**** Information given ****

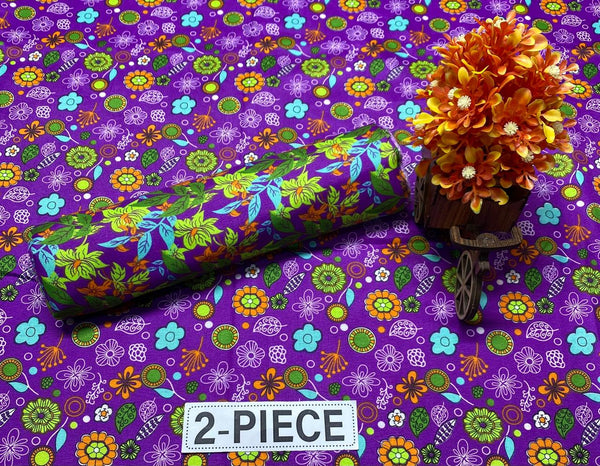 2 Pc Polo cotton - With 100% Gurranted
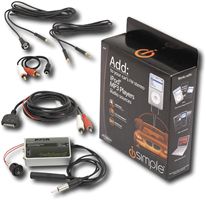 iSimple IS-77 - Apple® iPod® Adapter for Most Vehicle Radios 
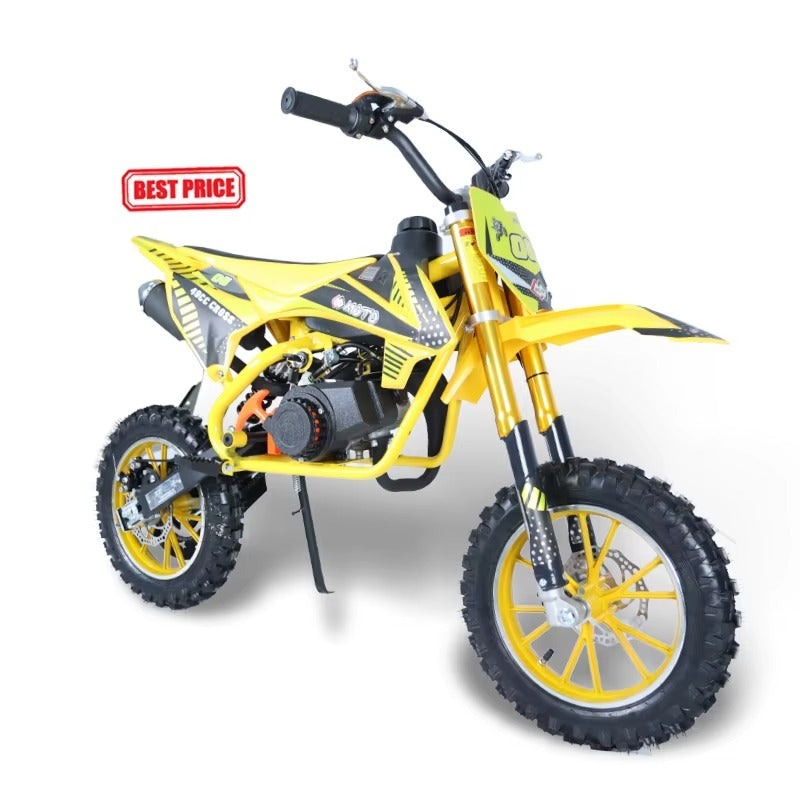 Todoterreno a Gasolina de 49cc Modelo KTX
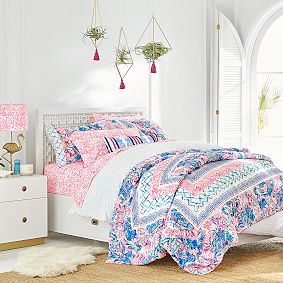 Lilly Pulitzer Lumbar Move It Or Lose It Pillow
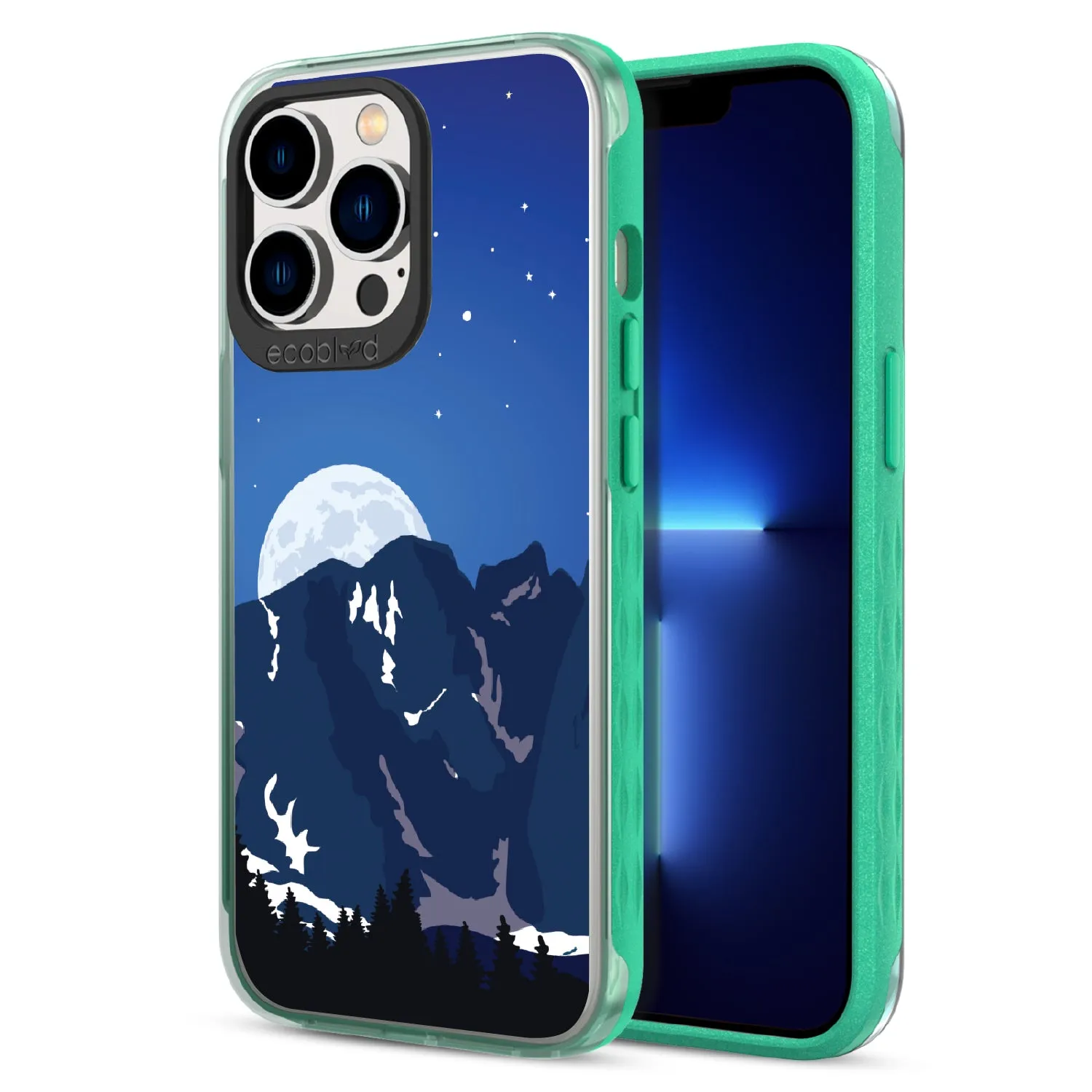 Alpine Moon - Laguna Collection Case for Apple iPhone 13 Pro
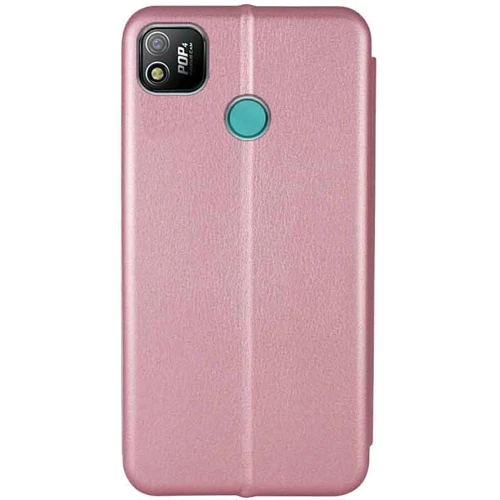 Чехол для телефонов Fashion Classy Rose Gold for TECNO POP 4: Тип чехол-книжка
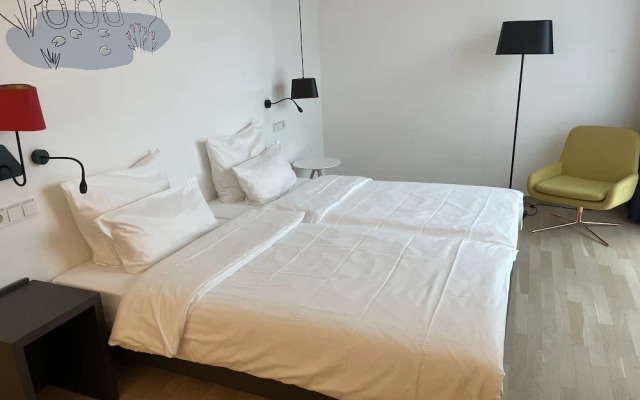 Hotel im LESKAN Park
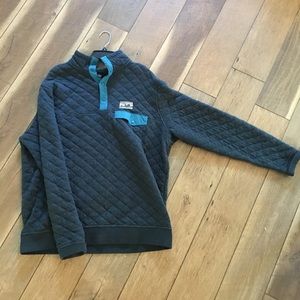 Patagonia Quilted Snap-T Pullover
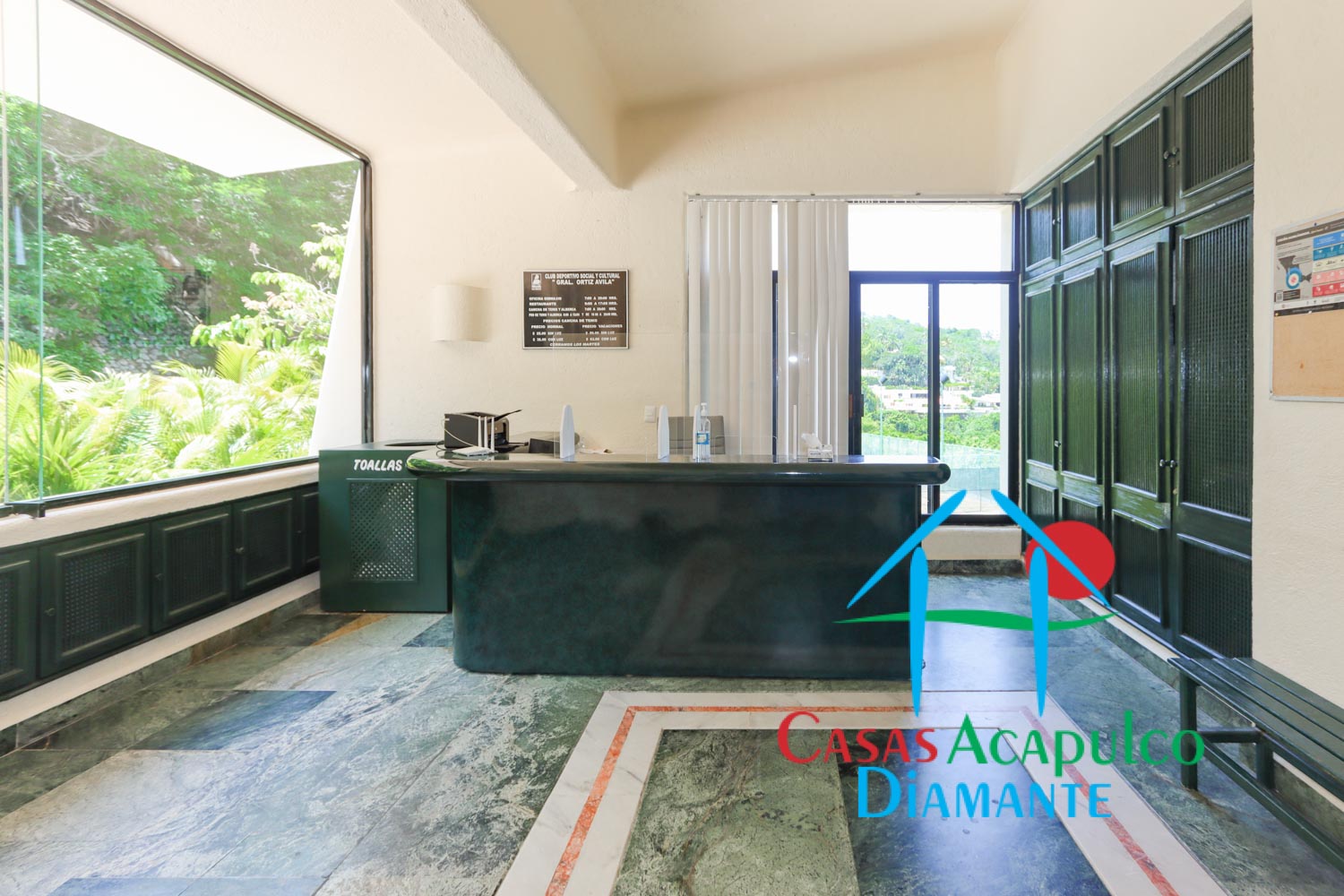 Tres Vistas - Club social Las Brisas 1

****

_Activity_
Can the lines from the start of the records through the line with "Hotel im LESKAN Park" be given again exactly, with the pictures left out?

_Output below_
 2 Pc Polo cotton - With 100% Gurranted
 iSimple IS-77 - Apple® iPod® Adapter for Most Vehicle Radios 
 Todoterreno a Gasolina de 49cc Modelo KTX
 Lilly Pulitzer Lumbar Move It Or Lose It Pillow
 Alpine Moon - Laguna Collection Case for Apple iPhone 13 Pro
 Чехол для телефонов Fashion Classy Rose Gold for TECNO POP 4: Тип чехол-книжка
 Hotel im LESKAN Park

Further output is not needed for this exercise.